TASK DIRECTIONS
Take the line that contains "More Photos Of" as the start and the last line of the entries as the end, and print both and everything between them exactly, without the pictures.

SOURCE DATA
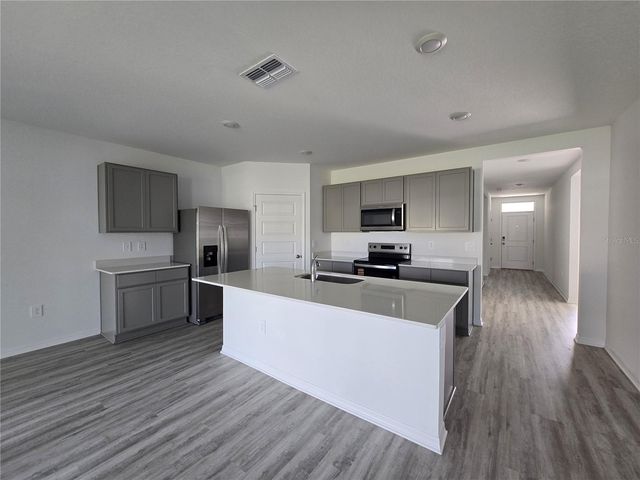 231 TAYLOR GROVES STREET, Lake Wales, FL 33898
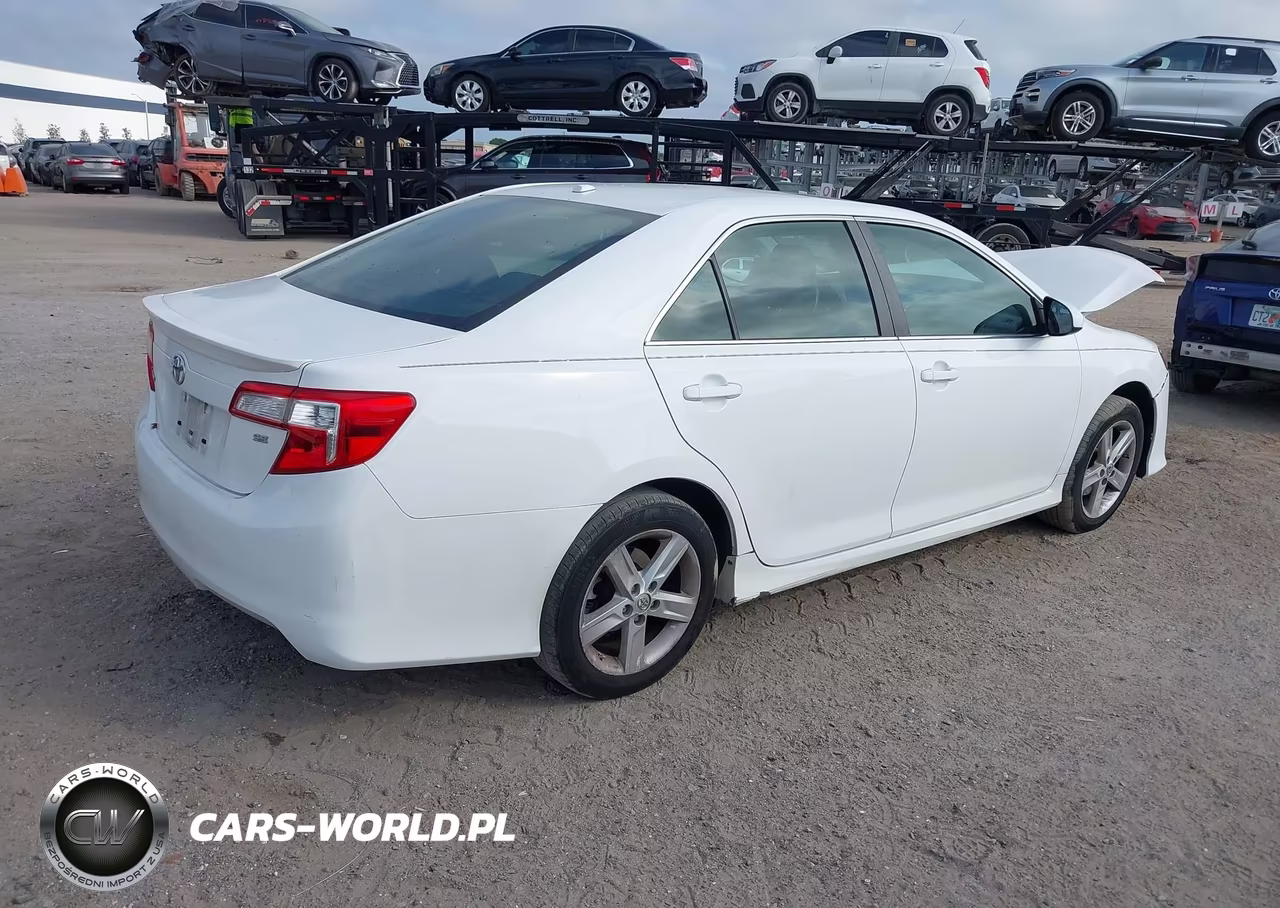 2014 Toyota Camry Se VIN:4T1BF1FK4EU833060 - 4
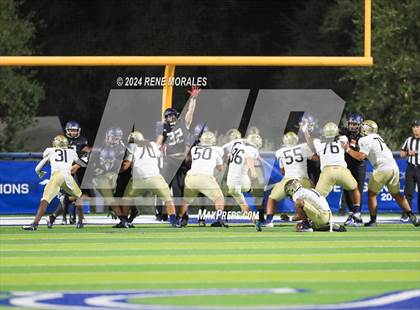 Thumbnail 2 in St. John Bosco vs Sierra Canyon photogallery.
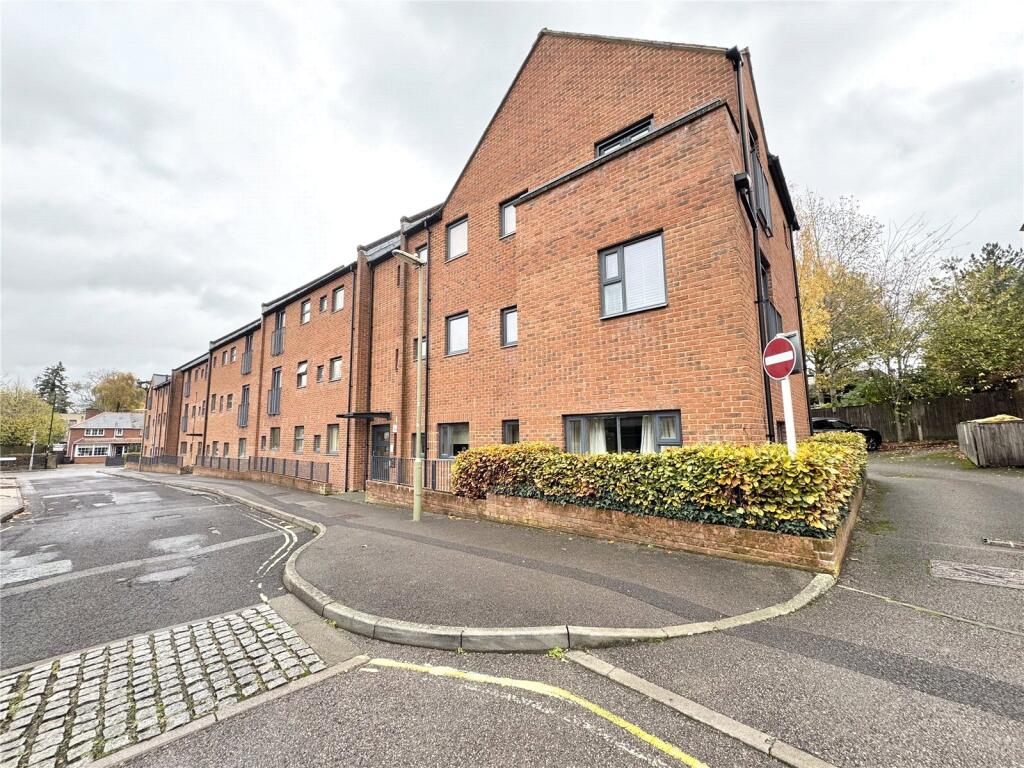 Main image of property: London Road, Basingstoke, Hampshire, RG21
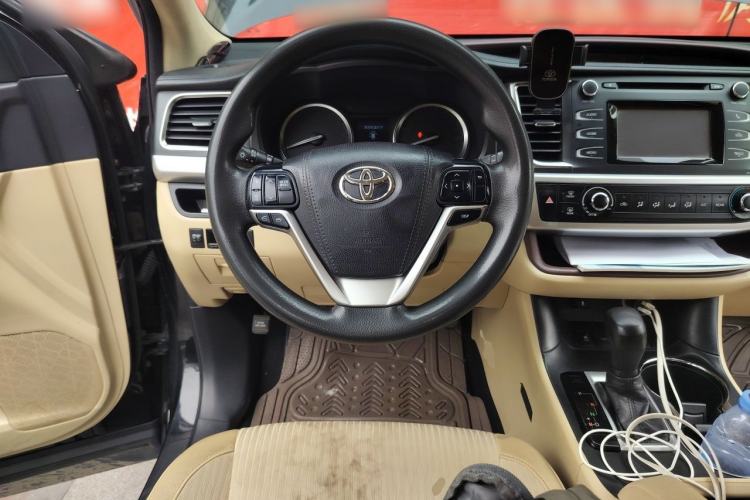 Used Toyota Highlander 2017 2.0T Two-Wheel Drive Elite Edition 5 Seats Steering Wheel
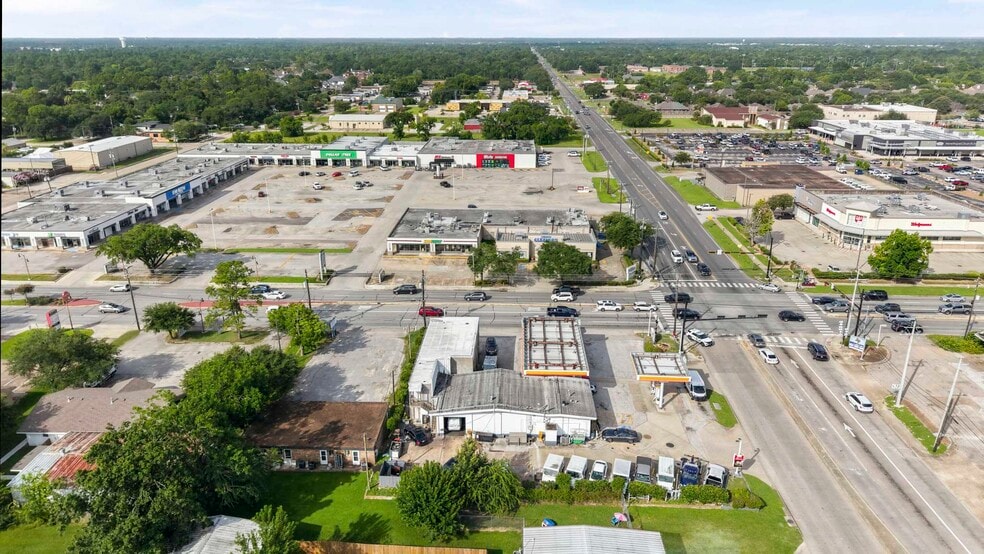 More Photos Of 101 S Friendswood Dr, Friendswood General Retail For Sale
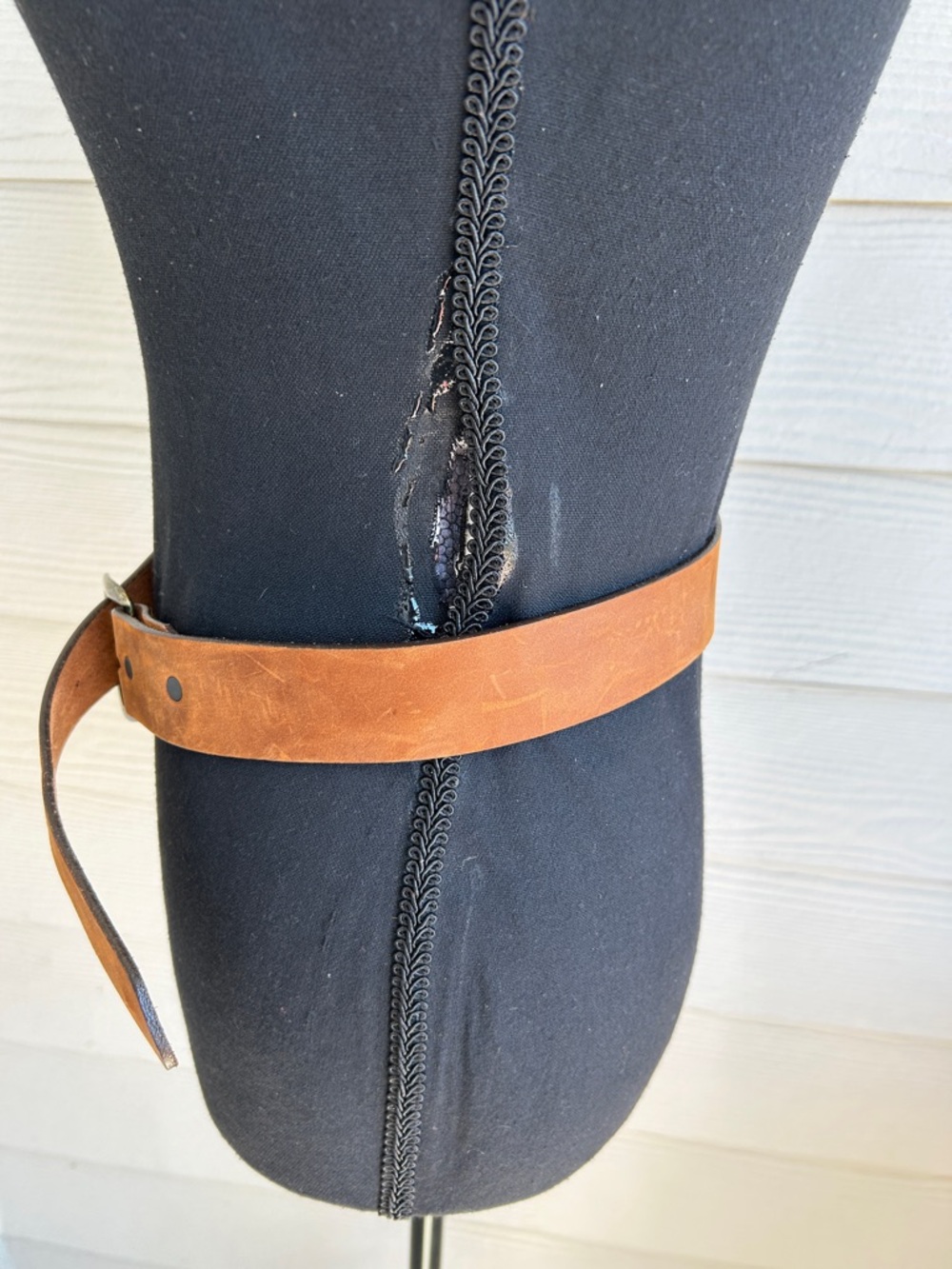 JUSTIN brown top grain leather belt. Size 39. Beautiful marble laid buckle. - Picture 4 of 12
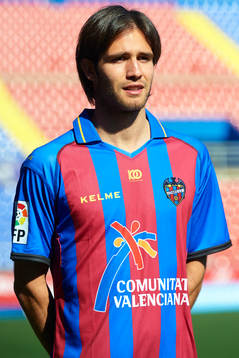 Robert Aquafresca poses at the new signing of Levante UD,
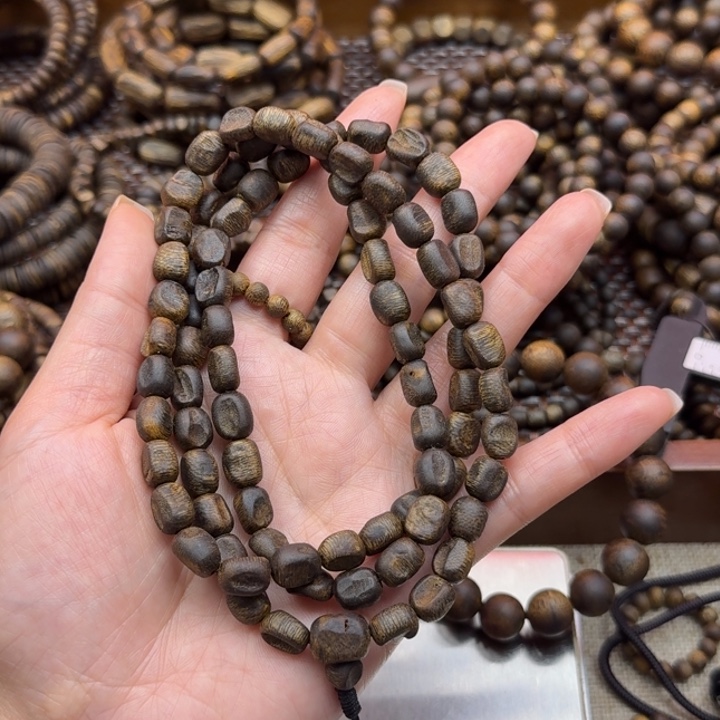 琳***沉香碎屑奇楠0.8沉水留疤多圈31克＋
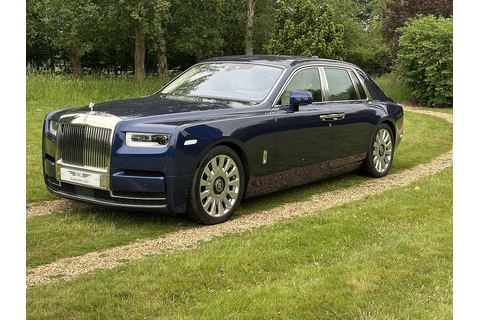 6.7 V12 Saloon 4dr Petrol Auto Euro 6 (570 ps)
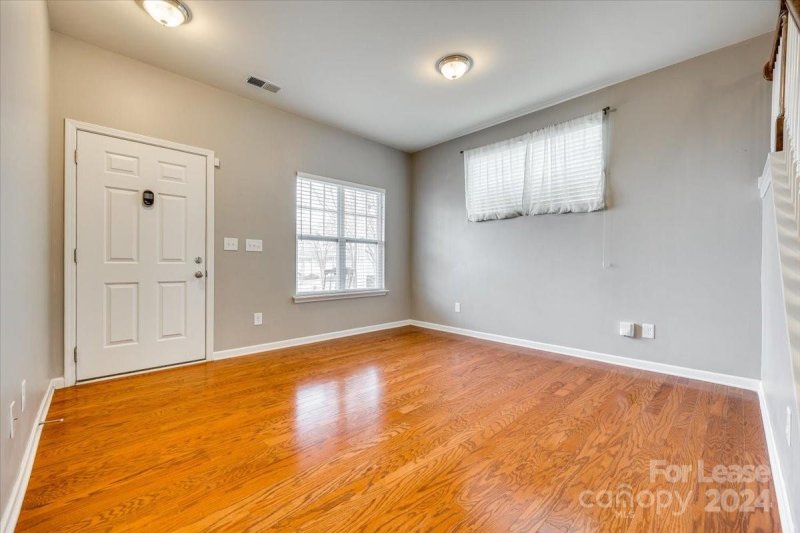 Property image 5 at 13815 Singleleaf Lane, Charlotte, NC 28278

SOLUTION TO THE EXERCISE
 More Photos Of 101 S Friendswood Dr, Friendswood General Retail For Sale
 JUSTIN brown top grain leather belt. Size 39. Beautiful marble laid buckle. - Picture 4 of 12
 Robert Aquafresca poses at the new signing of Levante UD,
 琳***沉香碎屑奇楠0.8沉水留疤多圈31克＋
 6.7 V12 Saloon 4dr Petrol Auto Euro 6 (570 ps)
 Property image 5 at 13815 Singleleaf Lane, Charlotte, NC 28278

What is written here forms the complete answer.